Second, the world is finely, strangely ordered — physical constants tuned so precisely that life is possible at all, and a cosmos we can actually understand with mathematics. The psalmist looked up and wrote, "The heavens declare the glory of God" (Psalm 19:1). You don't have to be religious to feel the weight of that when you stand under a clear night sky.

Third, and maybe most personal: you carry around a sense that some things are truly right and others truly wrong — that cruelty is evil even when it's legal, that love and justice matter. If we're only accidents, that conviction is hard to ground. If a good God made us, it fits. Paul wrote that the moral law is "written on their hearts" (Romans 2:15), and most of us know the feeling.

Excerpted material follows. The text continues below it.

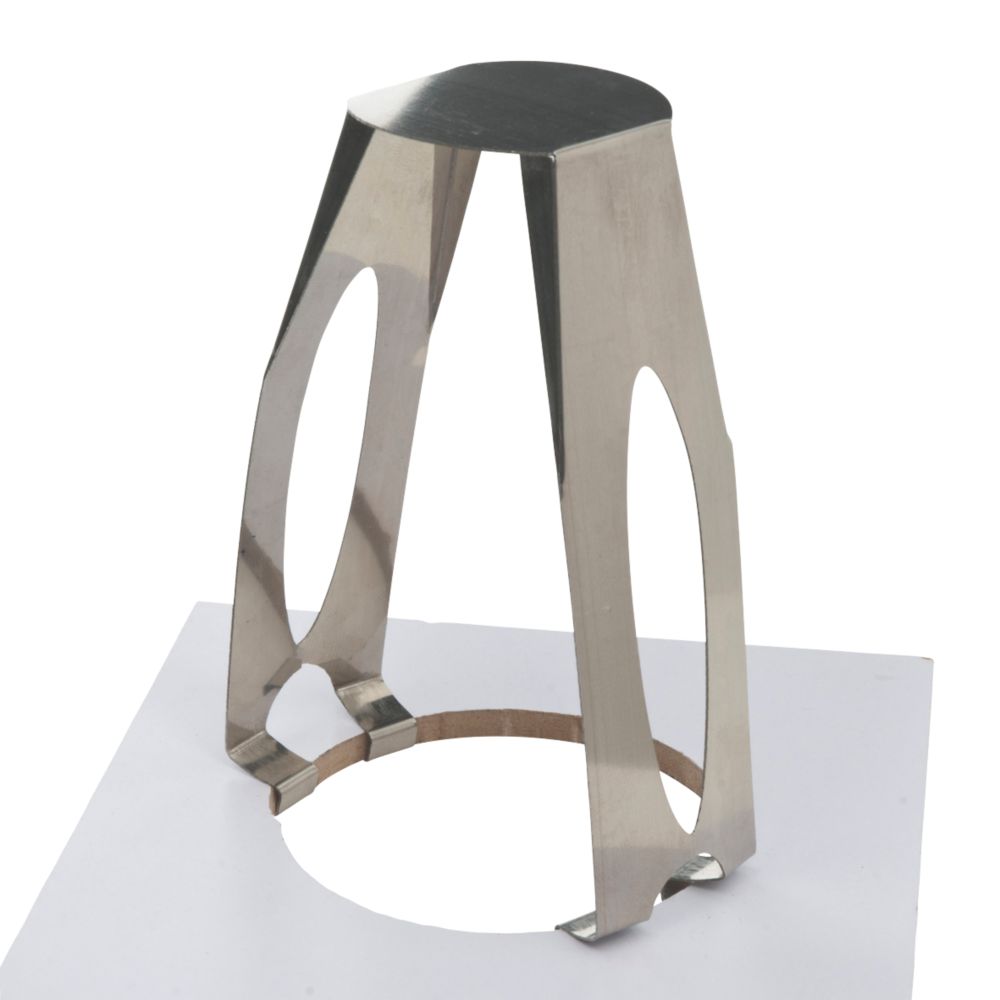 Image of Recessed Downlight Insulation Guard 125mm 3 Pack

None of this forces belief, and it isn't meant to bully you. But it does something important: it shows that faith in God is not a leap into the dark — it's a reasonable response to a world that looks made, a conscience that feels given, and a longing for meaning that nothing in this life fully satisfies. As Augustine put it, our hearts are restless until they rest in God.

Here's the honest test the Bible itself invites: don't try to settle it only as an argument in your head. "Taste and see that the Lord is good" (Psalm 34:8). Ask, out loud if you want — "God, if You're there, I want to know You." A sincere, open question like that has started more journeys to faith than any debate ever won. You won't be doing it alone.